Graciela Iturbide, Perros Perdidos

Die Ehrung erfolgt im Rahmen der Sony World Photography Awards 2021. Iturbide gilt weithin als die größte lebende Vertreterin der lateinamerikanischen Fotografie. Ihr Werkkatalog ist eine fotografische Dokumentation Mexikos seit den späten 1970er-Jahren und wird als entscheidender Beitrag zur visuellen Identität des Landes gerühmt.

25 Bilder aus Iturbides Oeuvre werden in einer virtuellen Ausstellung präsentiert, die ab dem 15. April auf der Website der World Photography Organisation zu sehen ist. Die Auswahl, die die Fotografin selbst getroffen hat, umfasst bedeutende Meilensteine und Themen aus ihrer fünf Jahrzehnte währenden Karriere, darunter einige ihrer berühmtesten Arbeiten wie Nuestra Señora de las Iguanas (Unsere Liebe Frau der Leguane) und Mujer ángel (Engelsfrau).

Graciela Iturbide Selbstporträt

© Graciela Iturbide, Self Portrait In The Country, 1996

In Bildern, die das tägliche Leben und die Alltagskultur, aber auch Rituale und Religion darstellen, erkundet Iturbide die zahlreichen Komplexitäten und Widersprüche ihres Landes, hinterfragt dessen Ungleichheiten und hebt die Spannungen zwischen Stadt und Land, Moderne und Indigenität hervor. Ihre Arbeiten gehen über rein dokumentarische Narrative hinaus und möchten poetische Visionen vermitteln, mitgeprägt von den persönlichen Erfahrungen und Reisen der Fotografin. Iturbide wurde 1942 in Mexiko-Stadt als ältestes von 13 Geschwistern in eine traditionell katholische Familie geboren.

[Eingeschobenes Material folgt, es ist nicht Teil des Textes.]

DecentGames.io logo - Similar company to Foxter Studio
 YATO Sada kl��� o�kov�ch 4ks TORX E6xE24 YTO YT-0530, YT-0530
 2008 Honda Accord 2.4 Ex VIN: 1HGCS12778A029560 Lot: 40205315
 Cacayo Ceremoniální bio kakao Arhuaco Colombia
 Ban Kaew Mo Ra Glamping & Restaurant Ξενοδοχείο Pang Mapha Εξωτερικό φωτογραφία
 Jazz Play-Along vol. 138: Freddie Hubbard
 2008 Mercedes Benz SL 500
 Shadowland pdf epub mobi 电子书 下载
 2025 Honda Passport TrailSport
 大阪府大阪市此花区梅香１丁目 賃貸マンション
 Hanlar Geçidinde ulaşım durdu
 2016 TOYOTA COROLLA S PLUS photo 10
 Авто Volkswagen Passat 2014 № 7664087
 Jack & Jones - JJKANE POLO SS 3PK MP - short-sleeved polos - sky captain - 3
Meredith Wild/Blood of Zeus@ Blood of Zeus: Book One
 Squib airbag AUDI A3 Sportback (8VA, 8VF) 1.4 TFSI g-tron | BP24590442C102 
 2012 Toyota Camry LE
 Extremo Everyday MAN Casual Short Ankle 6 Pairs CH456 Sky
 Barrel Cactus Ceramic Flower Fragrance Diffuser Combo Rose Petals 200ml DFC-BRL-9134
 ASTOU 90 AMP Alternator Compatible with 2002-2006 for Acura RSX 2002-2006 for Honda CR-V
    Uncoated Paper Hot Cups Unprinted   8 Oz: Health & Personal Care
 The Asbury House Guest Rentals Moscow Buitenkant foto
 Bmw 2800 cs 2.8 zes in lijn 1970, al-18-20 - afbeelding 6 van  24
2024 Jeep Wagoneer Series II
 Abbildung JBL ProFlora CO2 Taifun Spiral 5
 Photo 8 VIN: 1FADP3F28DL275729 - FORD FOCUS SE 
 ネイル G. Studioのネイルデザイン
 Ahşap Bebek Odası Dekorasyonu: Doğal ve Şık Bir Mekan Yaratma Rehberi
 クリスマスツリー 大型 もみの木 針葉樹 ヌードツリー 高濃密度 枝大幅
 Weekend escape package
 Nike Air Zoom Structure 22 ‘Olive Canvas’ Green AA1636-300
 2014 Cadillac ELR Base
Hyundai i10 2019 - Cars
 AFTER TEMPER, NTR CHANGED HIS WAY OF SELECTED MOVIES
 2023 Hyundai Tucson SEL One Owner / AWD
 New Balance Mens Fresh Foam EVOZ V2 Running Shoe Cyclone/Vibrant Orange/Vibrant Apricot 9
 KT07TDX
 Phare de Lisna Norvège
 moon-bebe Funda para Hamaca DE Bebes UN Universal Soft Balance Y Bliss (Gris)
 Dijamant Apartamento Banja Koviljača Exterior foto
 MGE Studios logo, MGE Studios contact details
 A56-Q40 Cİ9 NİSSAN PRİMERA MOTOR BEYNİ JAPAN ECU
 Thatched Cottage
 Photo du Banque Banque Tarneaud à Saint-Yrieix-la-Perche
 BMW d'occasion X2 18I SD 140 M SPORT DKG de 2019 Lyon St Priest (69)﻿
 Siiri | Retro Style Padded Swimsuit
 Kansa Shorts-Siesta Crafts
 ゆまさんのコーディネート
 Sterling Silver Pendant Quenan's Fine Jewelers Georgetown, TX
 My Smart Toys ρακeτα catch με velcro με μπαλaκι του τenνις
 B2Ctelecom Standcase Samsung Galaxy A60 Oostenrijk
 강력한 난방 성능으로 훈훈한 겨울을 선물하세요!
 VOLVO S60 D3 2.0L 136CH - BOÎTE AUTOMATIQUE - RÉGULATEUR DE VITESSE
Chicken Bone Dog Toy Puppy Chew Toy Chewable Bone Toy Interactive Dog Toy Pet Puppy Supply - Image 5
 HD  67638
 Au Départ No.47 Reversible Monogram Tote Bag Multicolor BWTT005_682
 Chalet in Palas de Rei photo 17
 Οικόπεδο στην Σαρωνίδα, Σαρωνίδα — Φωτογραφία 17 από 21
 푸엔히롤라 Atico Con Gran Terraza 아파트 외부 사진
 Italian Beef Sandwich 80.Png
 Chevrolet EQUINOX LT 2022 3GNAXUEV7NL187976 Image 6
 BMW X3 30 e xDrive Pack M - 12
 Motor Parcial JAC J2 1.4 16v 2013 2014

Die Heranwachsende bewunderte die Amateurfotografien ihres Vaters und hütete sorgsam die Schachtel, in der die Familienfotos aufbewahrt wurden. Mit 20 Jahren heiratete Iturbide und bekam in schneller Folge drei Kinder. Erst 1969, im Alter von 27 Jahren, entschied sie sich, ihren künstlerischen Leidenschaften nachzugehen, und schrieb sich am Filmzentrum der Universidad Nacional Autónoma de México ein. Dort studierte sie bei dem Meister der Moderne Manuel Álvarez Bravo, der später ihr Mentor wurde, und beschloss, sich der Fotografie zuzuwenden.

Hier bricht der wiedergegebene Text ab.